- **Task directions**
Begin the copy at the line containing "1Pair Carbon Fiber" in the data below and end it at the line containing "social media wall", keeping each line exact and leaving out pictures.

Segment Start: Provided material

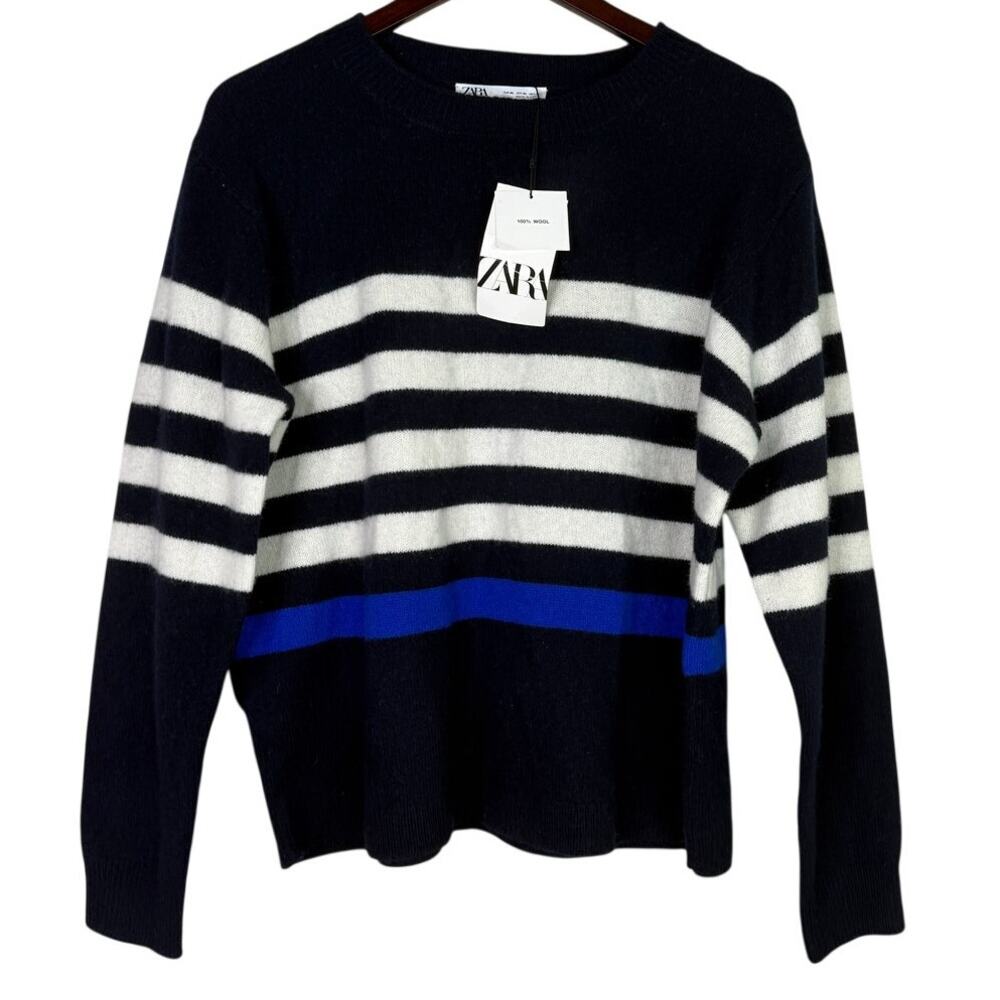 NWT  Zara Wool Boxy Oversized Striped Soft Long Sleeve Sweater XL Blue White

Segment End: Provided material
Segment Start: Provided material

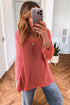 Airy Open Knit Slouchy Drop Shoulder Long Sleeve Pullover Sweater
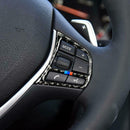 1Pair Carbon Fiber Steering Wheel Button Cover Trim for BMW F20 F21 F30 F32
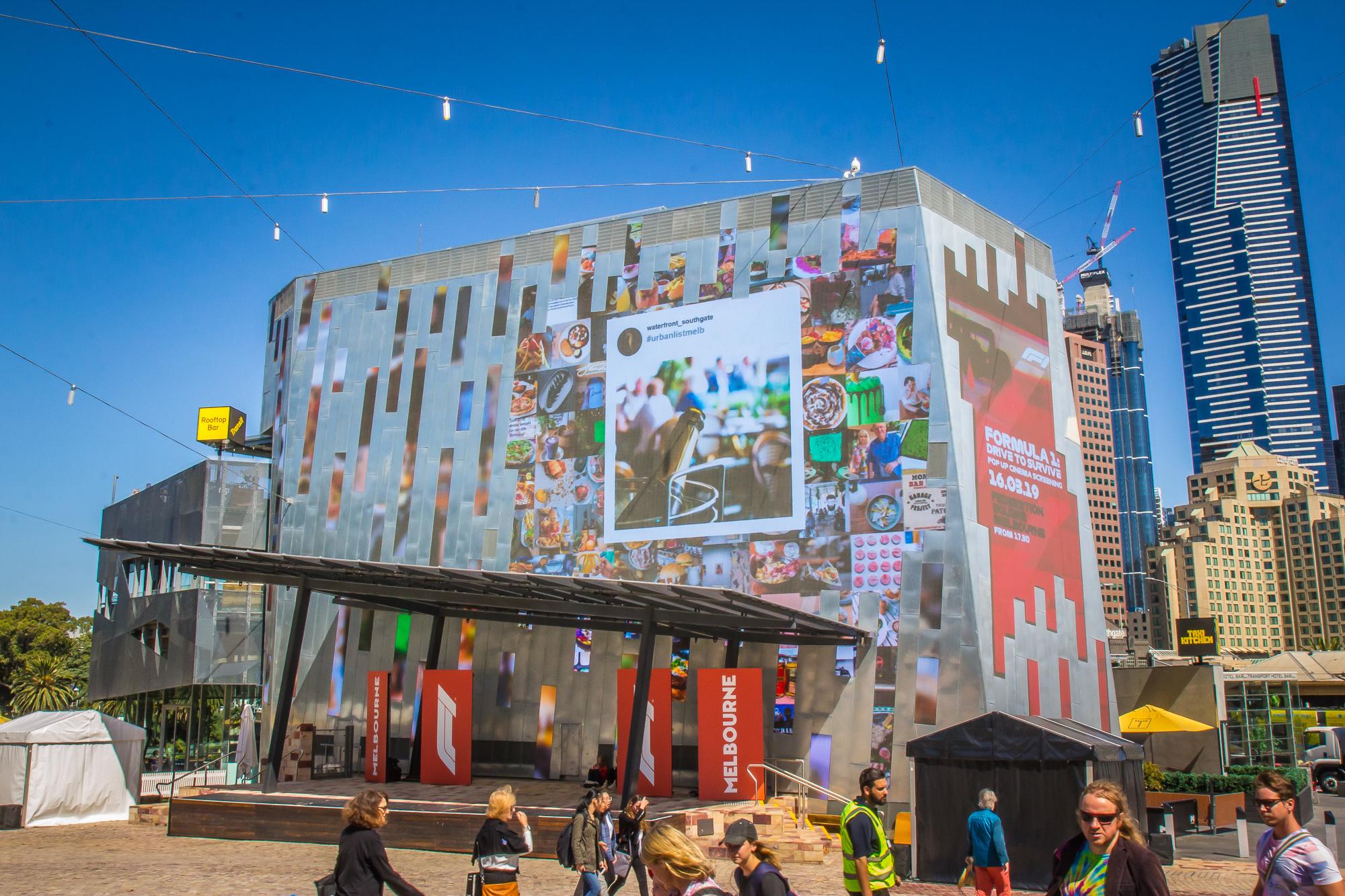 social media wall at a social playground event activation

Segment End: Provided material

- **Reply to the task**
 1Pair Carbon Fiber Steering Wheel Button Cover Trim for BMW F20 F21 F30 F32
 social media wall at a social playground event activation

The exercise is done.